The case arose from the demands of The Partnership for Civil Justice Fund which requested the D.C. police in 2008 to provide copies of policies and special orders showing how the police functioned in the capital of the nation. Upon being refused, the nonprofit advocacy group went to the court in 2009.
D.C. police department officials stated in sworn statements before the court that releasing the documents would endanger the public and tantamount to supplying criminals and terrorists with inside information. The officers claimed that there were no meaningful ways to withhold certain sensitive portions and offer the rest of the documents for scrutiny.
The Superior Court Judge, however, found the stance of the D.C. police to be “melodramatic” and expressed “great concern with the credibility” of the officials. She also referred to the police representations as “transparently false.”

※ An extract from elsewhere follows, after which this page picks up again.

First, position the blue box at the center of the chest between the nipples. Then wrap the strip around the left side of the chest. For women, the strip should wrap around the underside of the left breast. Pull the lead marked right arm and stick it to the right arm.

The judge said that the withheld documents had been thoroughly reviewed by the court and many of them were innocuous and did not contain any sensitive information. Some of them were so old as to be considered obsolete. Some of the documents the police refused to handover had already been made public on other forums.

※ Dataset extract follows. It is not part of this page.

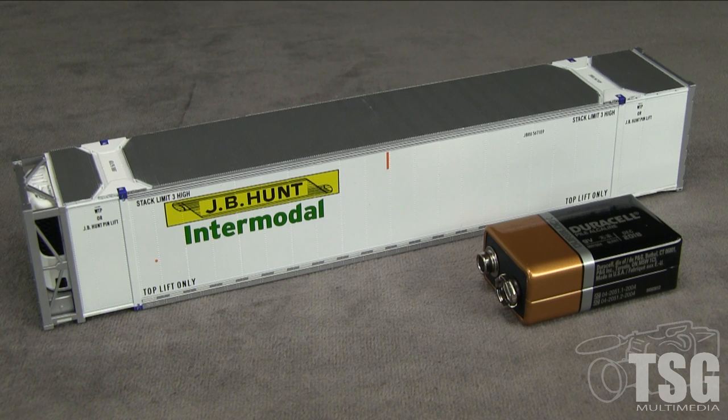I did not do a test to see how long the battery will last if the sound is left on. The container weighs 2 ounces by itself; with the battery, the weight is 3.6 ounces. With that much weight, I'd be a little wary of stacking this container on top of another in a well car, as it might be top-heavy. I have not had the chance to test that in actual operation on a layout, but it's something to think about.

The executive e director of the nonprofit advocacy group, Mara Verheyden-Hilliard, said “You can't just make things up and sign under penalty of perjury, and that's what they've done in this case.”
In some documents, the judge redacted sensitive portions, but ruled otherwise that the records asked for be released forthwith.
Among the documents ordered to be partially released is the document that records how the D.C. police deploys civil disturbance units for major events, and another that lays down how first responders to a homicide should function to protect a crime scene and coordinate activities. The judge said that the document signed in 1980 only contained common sense provisions and not any sensitive information that could aid criminals or terrorists.